— EXERCISE INSTRUCTIONS —
Every single entry that follows is to be retyped exactly.

— INFORMATION PROVIDED —
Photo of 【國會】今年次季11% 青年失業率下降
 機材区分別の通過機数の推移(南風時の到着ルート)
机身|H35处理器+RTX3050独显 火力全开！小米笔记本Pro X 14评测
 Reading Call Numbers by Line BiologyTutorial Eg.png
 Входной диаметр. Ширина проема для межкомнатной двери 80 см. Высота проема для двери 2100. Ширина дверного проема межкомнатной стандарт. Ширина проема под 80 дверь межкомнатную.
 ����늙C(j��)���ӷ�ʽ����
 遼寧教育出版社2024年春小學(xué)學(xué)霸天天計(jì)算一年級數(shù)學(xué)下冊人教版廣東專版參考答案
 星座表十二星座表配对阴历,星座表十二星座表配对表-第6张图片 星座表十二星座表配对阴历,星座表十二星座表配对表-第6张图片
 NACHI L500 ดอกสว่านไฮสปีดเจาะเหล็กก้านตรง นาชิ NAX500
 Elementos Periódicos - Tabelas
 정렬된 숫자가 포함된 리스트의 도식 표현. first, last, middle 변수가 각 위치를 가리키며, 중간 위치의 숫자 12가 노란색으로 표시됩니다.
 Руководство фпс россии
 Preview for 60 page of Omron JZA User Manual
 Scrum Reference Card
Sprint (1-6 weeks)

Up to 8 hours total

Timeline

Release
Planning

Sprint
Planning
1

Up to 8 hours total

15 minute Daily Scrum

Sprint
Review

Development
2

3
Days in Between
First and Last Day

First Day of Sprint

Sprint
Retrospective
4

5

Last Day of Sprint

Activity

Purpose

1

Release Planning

— OUTPUT OF THE TASK —
Photo of 【國會】今年次季11% 青年失業率下降
 機材区分別の通過機数の推移(南風時の到着ルート)
机身|H35处理器+RTX3050独显 火力全开！小米笔记本Pro X 14评测
 Reading Call Numbers by Line BiologyTutorial Eg.png
 Входной диаметр. Ширина проема для межкомнатной двери 80 см. Высота проема для двери 2100. Ширина дверного проема межкомнатной стандарт. Ширина проема под 80 дверь межкомнатную.
 ����늙C(j��)���ӷ�ʽ����
 遼寧教育出版社2024年春小學(xué)學(xué)霸天天計(jì)算一年級數(shù)學(xué)下冊人教版廣東專版參考答案
 星座表十二星座表配对阴历,星座表十二星座表配对表-第6张图片 星座表十二星座表配对阴历,星座表十二星座表配对表-第6张图片
 NACHI L500 ดอกสว่านไฮสปีดเจาะเหล็กก้านตรง นาชิ NAX500
 Elementos Periódicos - Tabelas
 정렬된 숫자가 포함된 리스트의 도식 표현. first, last, middle 변수가 각 위치를 가리키며, 중간 위치의 숫자 12가 노란색으로 표시됩니다.
 Руководство фпс россии
 Preview for 60 page of Omron JZA User Manual
 Scrum Reference Card
Sprint (1-6 weeks)

Up to 8 hours total

Timeline

Release
Planning

Sprint
Planning
1

Up to 8 hours total

15 minute Daily Scrum

Sprint
Review

Development
2

3
Days in Between
First and Last Day

First Day of Sprint

Sprint
Retrospective
4

5

Last Day of Sprint

Activity

Purpose

1

Release Planning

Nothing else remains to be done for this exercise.